Design and analyze pricing-page A/B test
Company: Amazon
Role: Data Scientist
Category: Analytics & Experimentation
Difficulty: hard
Interview Round: Onsite
You plan to test a new pricing-page layout. Primary metric: Paid conversion within 7 days of first page view at the user level. Baseline conversion = 6.0%; target MDE = +5% relative (to 6.3%); α = 0.05 (two-sided); power = 0.80. Daily traffic: 200,000 unique users; 60% new, 40% returning; 10% tablet, 30% desktop, 60% mobile. Constraints: users may switch devices; bots must be filtered; some users arrive via paid ads with different intent. Tasks: (1) Compute the approximate per-variant sample size and minimum test duration with and without CUPED (assume CUPED yields 20% variance reduction); (2) Define guardrails (e.g., SRM, bounce rate, revenue/user) and how you will detect SRM in near real time; (3) Specify randomization unit (cookie vs user vs account), handling cross-device identity, and how to prevent contamination; (4) Plan for sequential looks while controlling Type I error (e.g., alpha-spending) and describe a pre-registered stopping rule; (5) Outline a heterogeneity analysis across device and traffic source, and how you would proceed if the average treatment effect is neutral but mobile shows a significant lift; (6) Provide a concrete plan for analyzing and communicating results, including effect sizes with 95% CIs and a decision framework for ship/iterate/halt.
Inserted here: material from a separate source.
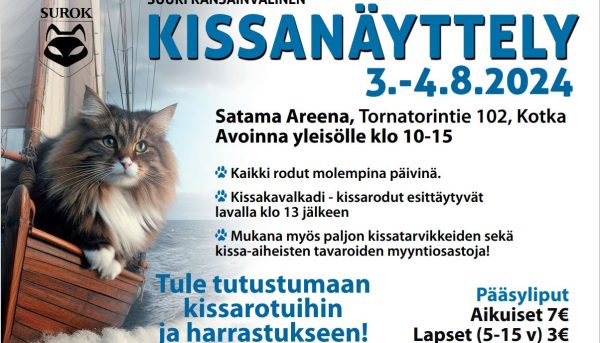 Kansainvälinen kissanäyttely Satama Areenalla.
Quick Answer: This question evaluates data-science competencies in online experiment design and analysis, including statistical power and sample-size estimation, variance-reduction methods, guardrail and SRM monitoring, randomization and contamination handling, sequential monitoring and stopping rules, heterogeneity/subgroup analysis, and result communication within the analytics & experimentation domain. It is commonly asked to assess practical application of statistical inference and experimental rigor in product and business contexts, primarily testing practical application while requiring conceptual understanding of underlying statistical principles and operational trade-offs.